• Source material
# # # # # # #
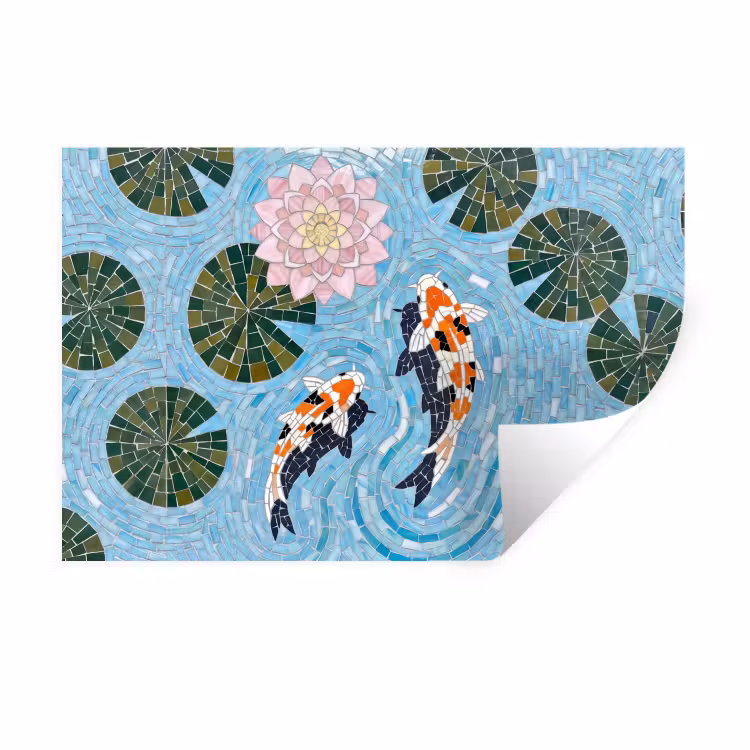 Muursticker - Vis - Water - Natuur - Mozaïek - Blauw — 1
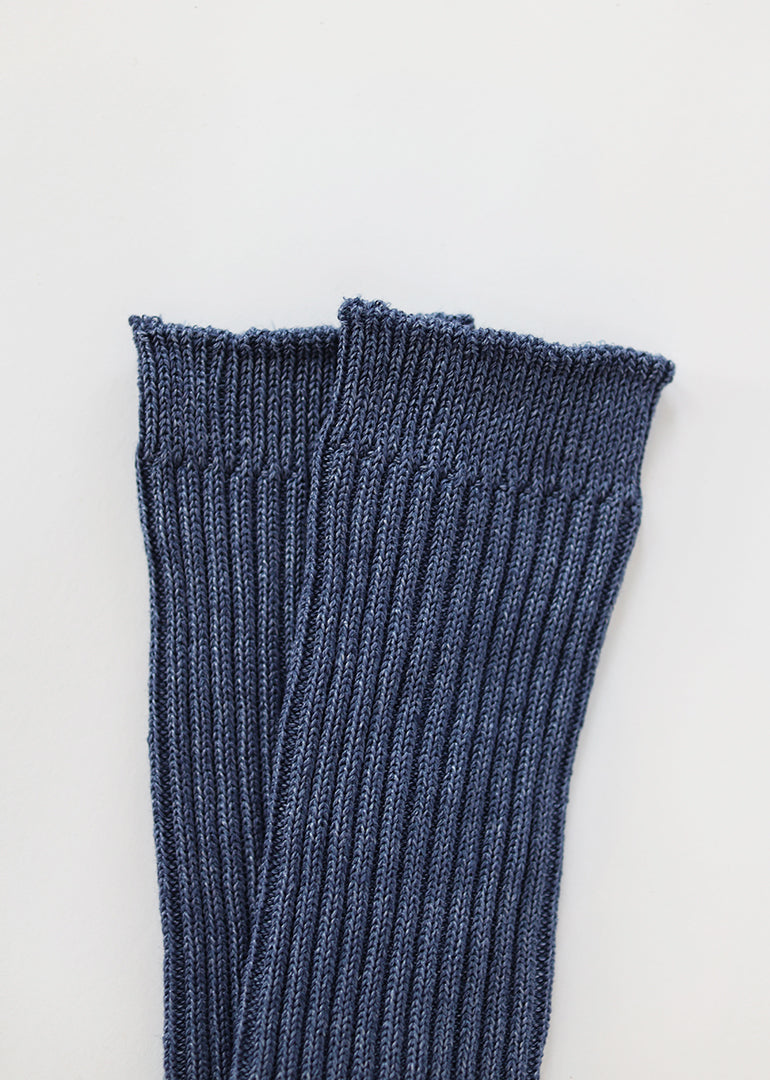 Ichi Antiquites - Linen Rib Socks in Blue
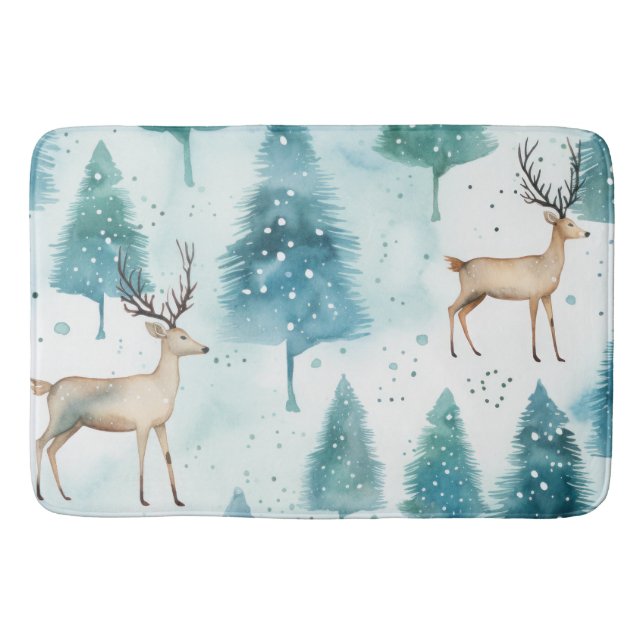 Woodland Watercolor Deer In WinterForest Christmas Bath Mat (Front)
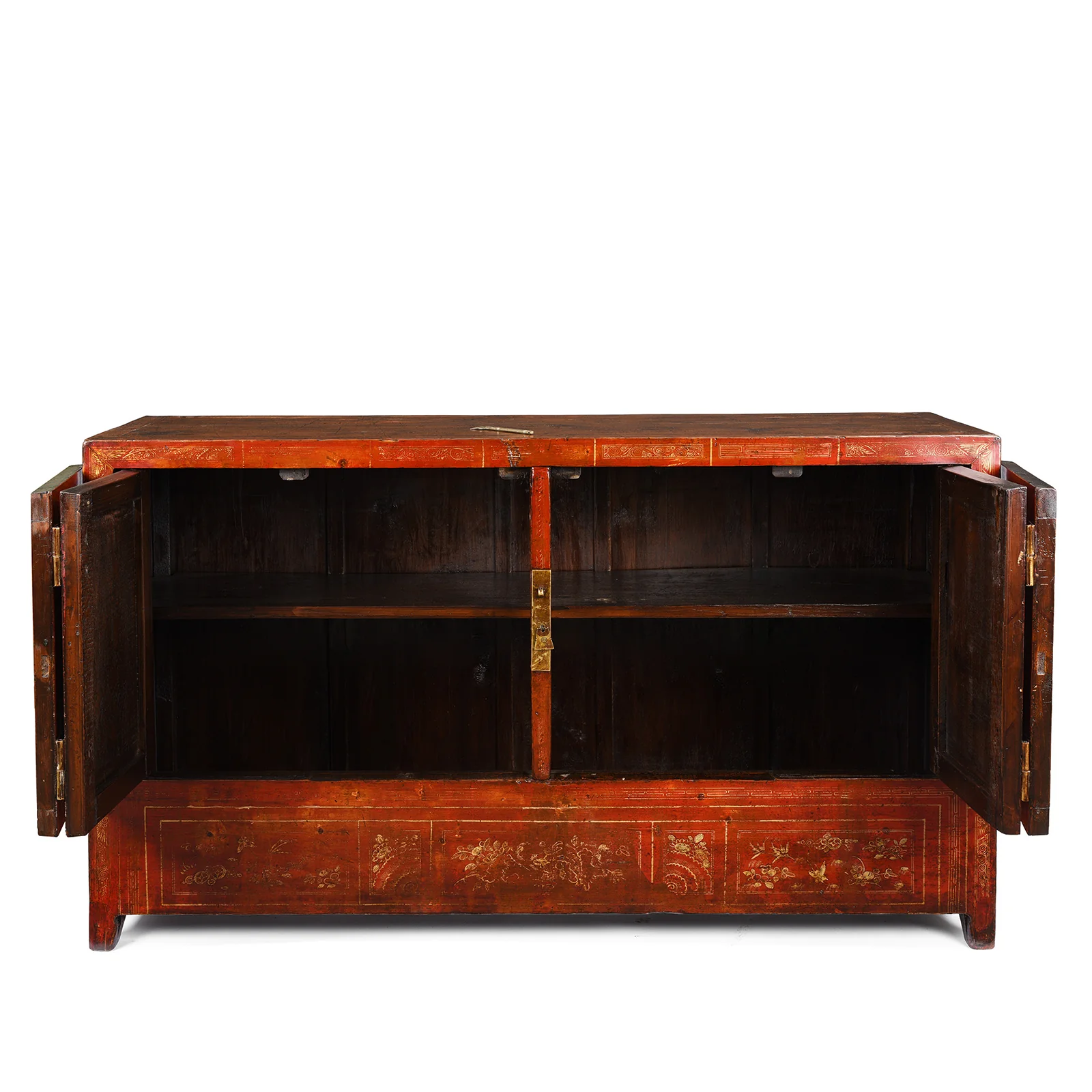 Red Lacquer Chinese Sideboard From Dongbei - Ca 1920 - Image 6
# # # # # # #
• Requirement
Copy the listing exactly. Any image in it stays out of the copy.

• Answer below
 Muursticker - Vis - Water - Natuur - Mozaïek - Blauw — 1
 Ichi Antiquites - Linen Rib Socks in Blue
 Woodland Watercolor Deer In WinterForest Christmas Bath Mat (Front)
 Red Lacquer Chinese Sideboard From Dongbei - Ca 1920 - Image 6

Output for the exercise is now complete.